:: YOUR TASK ::
Set down the data below word for word, and leave the images aside.
[[ AVAILABLE RECORDS, beginning ]]
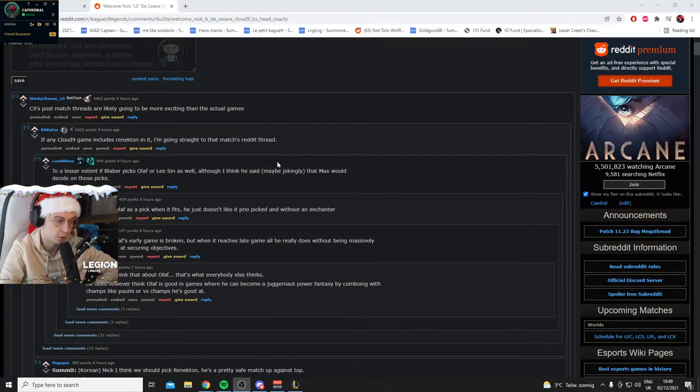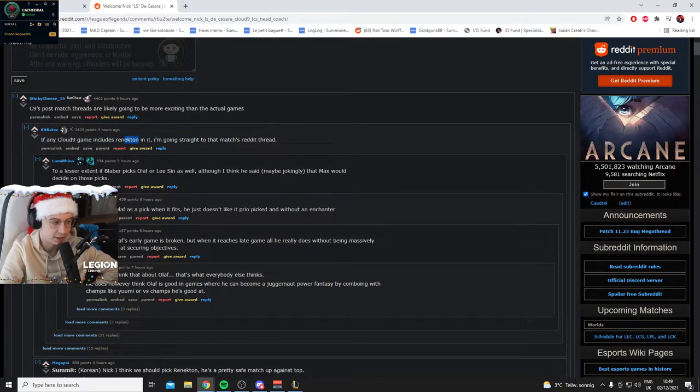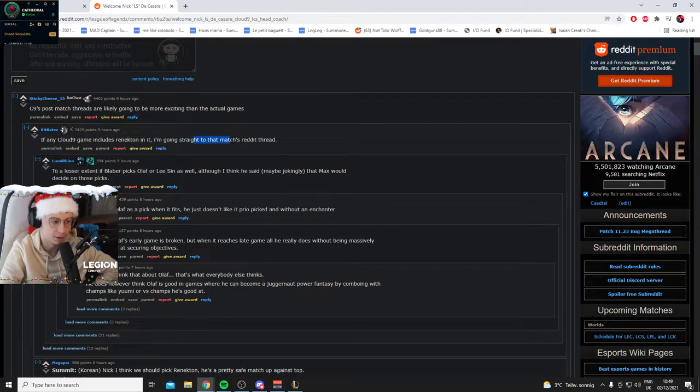There will of course be memes, I can see it already in the top comment. If any Cloud9 game includes a Renekton game, it's going to be straight to the match thread.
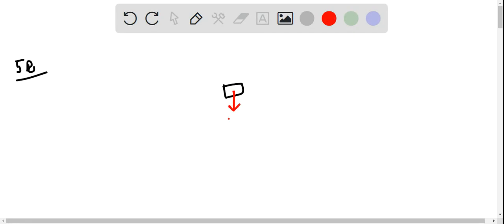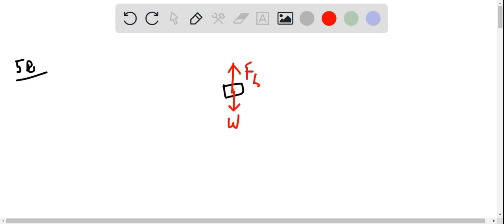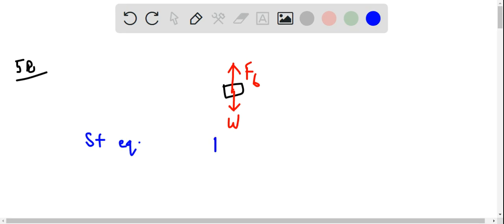The force of gravity, W, and the force of balance. If the object is in static equilibrium, then F net should be 0.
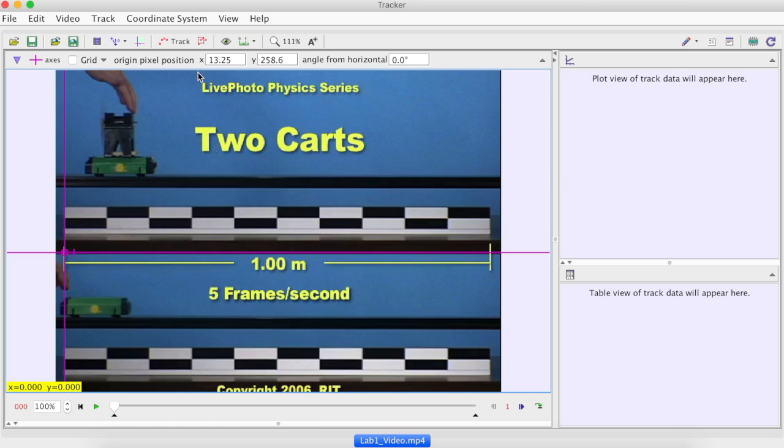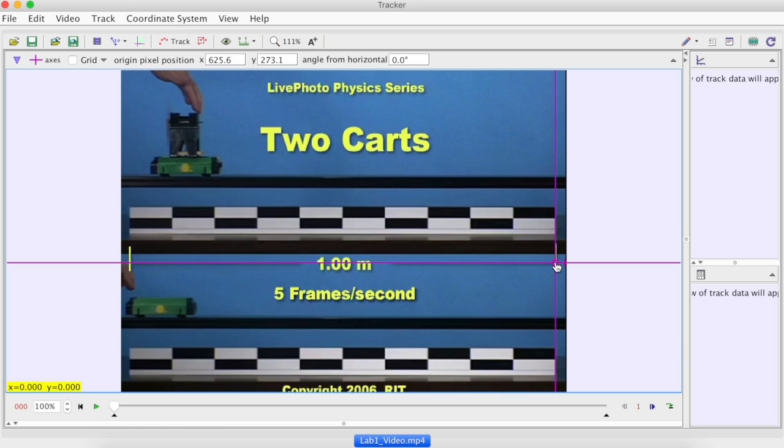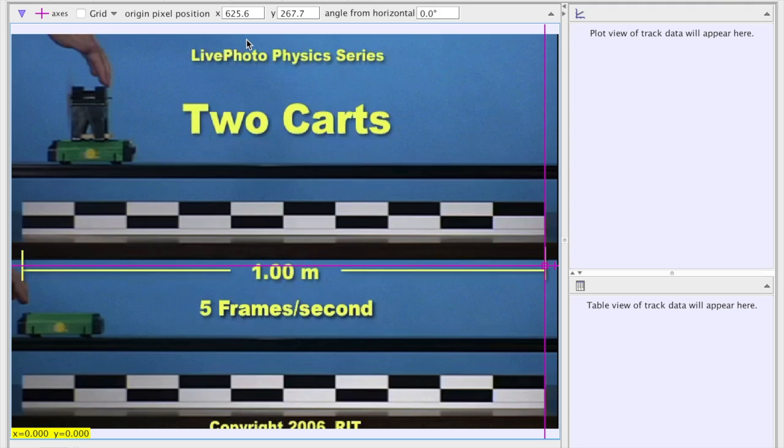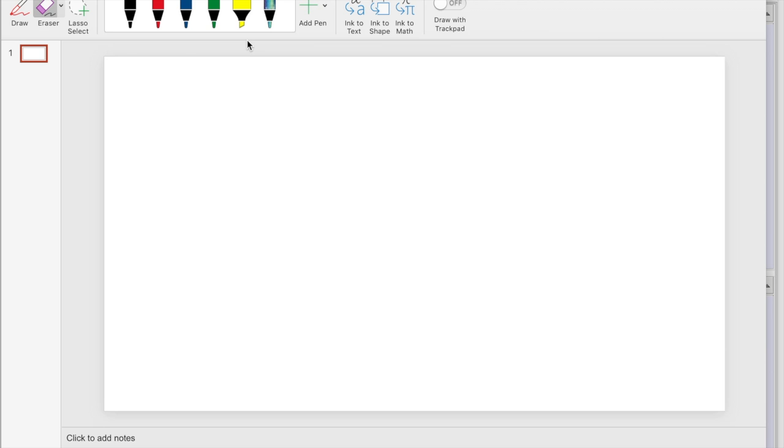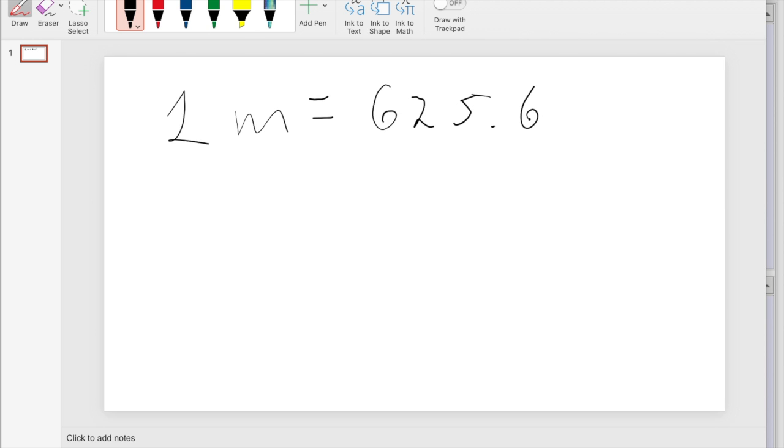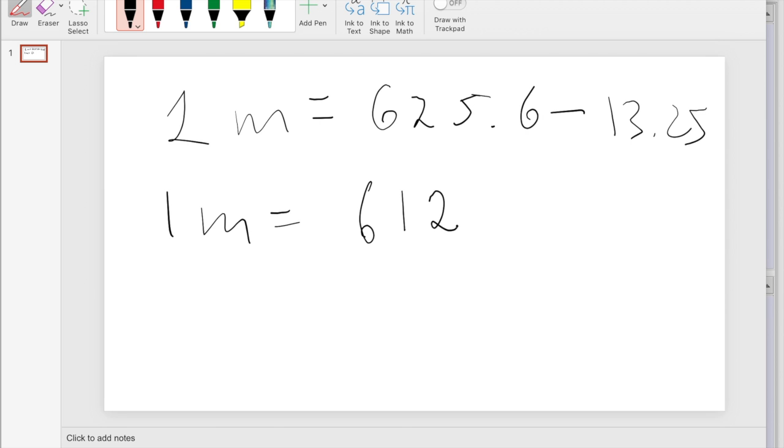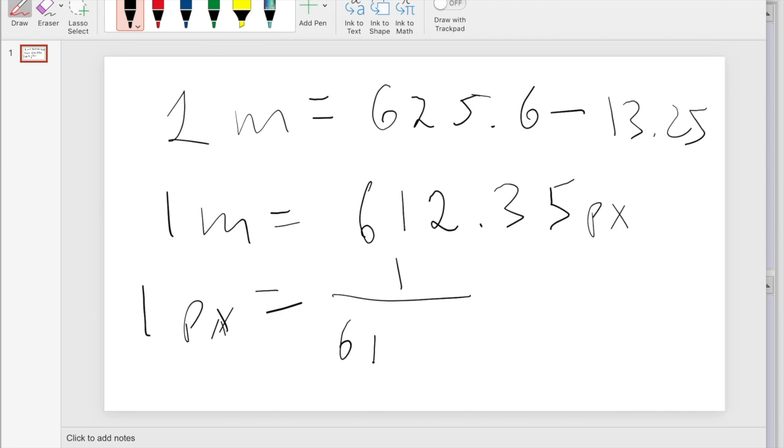Here, position in pixels. The right one 625.6 here. Now we can establish the conversion factor between meters and pixels. One meter should be equal to the difference. So one meter is equal to 612.35 pixels. That makes one pixel to be equal to 1 over 612.35 meters.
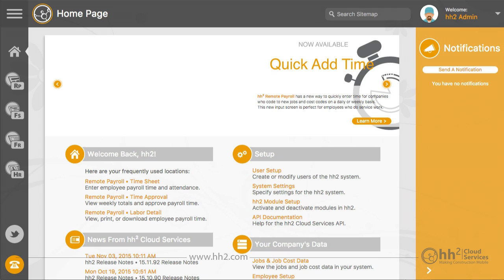A report viewer is able to view and report on time that has been entered but will not be part of the approval process. Report viewers are added to the approval path of each payroll group you want to grant this access for.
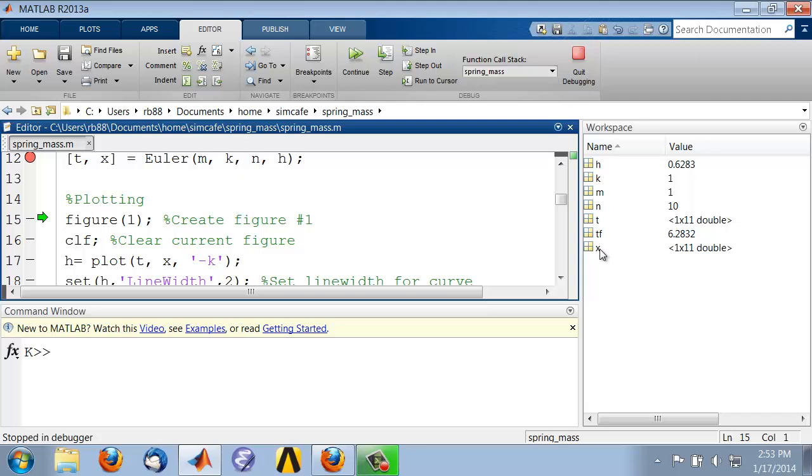Only the variables that were passed back to the main function now remain in the workspace. All of the variables that were local to the function go away when the function call is completed.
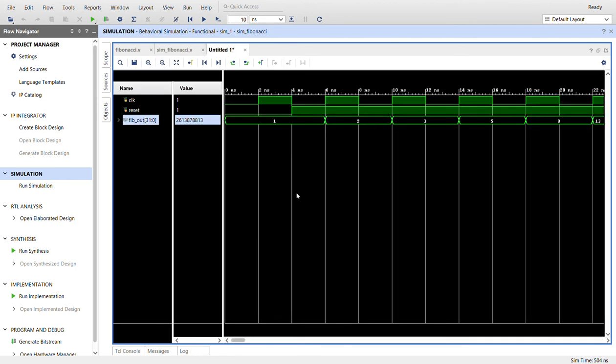So I already ran the simulation so here you can see I changed the radix of this to decimal. Well here's the clock in the top, the reset is held and then after four simulation ticks we let it go.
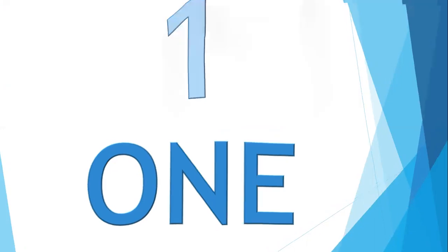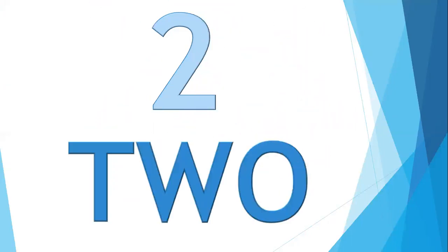Now move to the next number. Can you tell me what is the next number? The next number is 2. How to spell it? It is T-W-O, two. Everyone say with me, T-W-O, two. Once again, T-W-O, two. Well done.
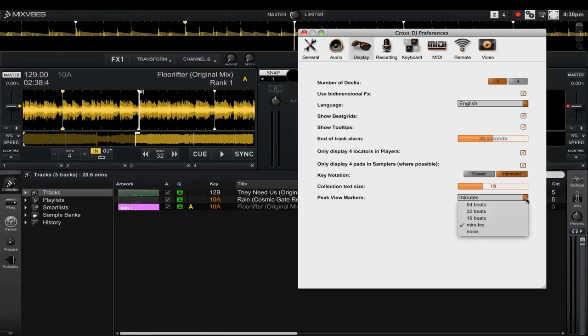For example, if I go and select 64 beats you'll see that there are many more markers on the track waveform.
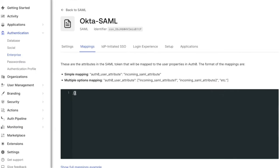On the left side, we will put the attribute name we want to appear on the Auth0 profile. On the right side, we will put the name of the incoming SAML attribute from the IDP, which in this case is Office Location City.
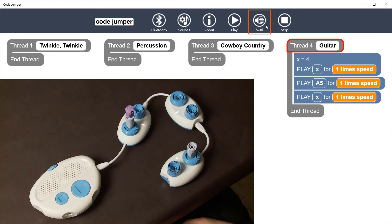Thread for guitar. X equals 4. Play X for one times speed. Play A5 for one times speed. Play X for one times speed. End thread. Now listen to the program.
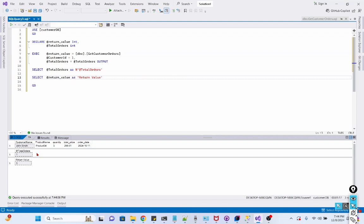Okay, the stored procedure has been executed. So it has provided us the customer order information as well as printing total orders for that customer.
[[ AVAILABLE RECORDS, end ]]
:: TASK SOLUTION ::
There will of course be memes, I can see it already in the top comment. If any Cloud9 game includes a Renekton game, it's going to be straight to the match thread.
The force of gravity, W, and the force of balance. If the object is in static equilibrium, then F net should be 0.
Here, position in pixels. The right one 625.6 here. Now we can establish the conversion factor between meters and pixels. One meter should be equal to the difference. So one meter is equal to 612.35 pixels. That makes one pixel to be equal to 1 over 612.35 meters.
A report viewer is able to view and report on time that has been entered but will not be part of the approval process. Report viewers are added to the approval path of each payroll group you want to grant this access for.
Only the variables that were passed back to the main function now remain in the workspace. All of the variables that were local to the function go away when the function call is completed.
So I already ran the simulation so here you can see I changed the radix of this to decimal. Well here's the clock in the top, the reset is held and then after four simulation ticks we let it go.
Now move to the next number. Can you tell me what is the next number? The next number is 2. How to spell it? It is T-W-O, two. Everyone say with me, T-W-O, two. Once again, T-W-O, two. Well done.
For example, if I go and select 64 beats you'll see that there are many more markers on the track waveform.
On the left side, we will put the attribute name we want to appear on the Auth0 profile. On the right side, we will put the name of the incoming SAML attribute from the IDP, which in this case is Office Location City.
Thread for guitar. X equals 4. Play X for one times speed. Play A5 for one times speed. Play X for one times speed. End thread. Now listen to the program.
Okay, the stored procedure has been executed. So it has provided us the customer order information as well as printing total orders for that customer.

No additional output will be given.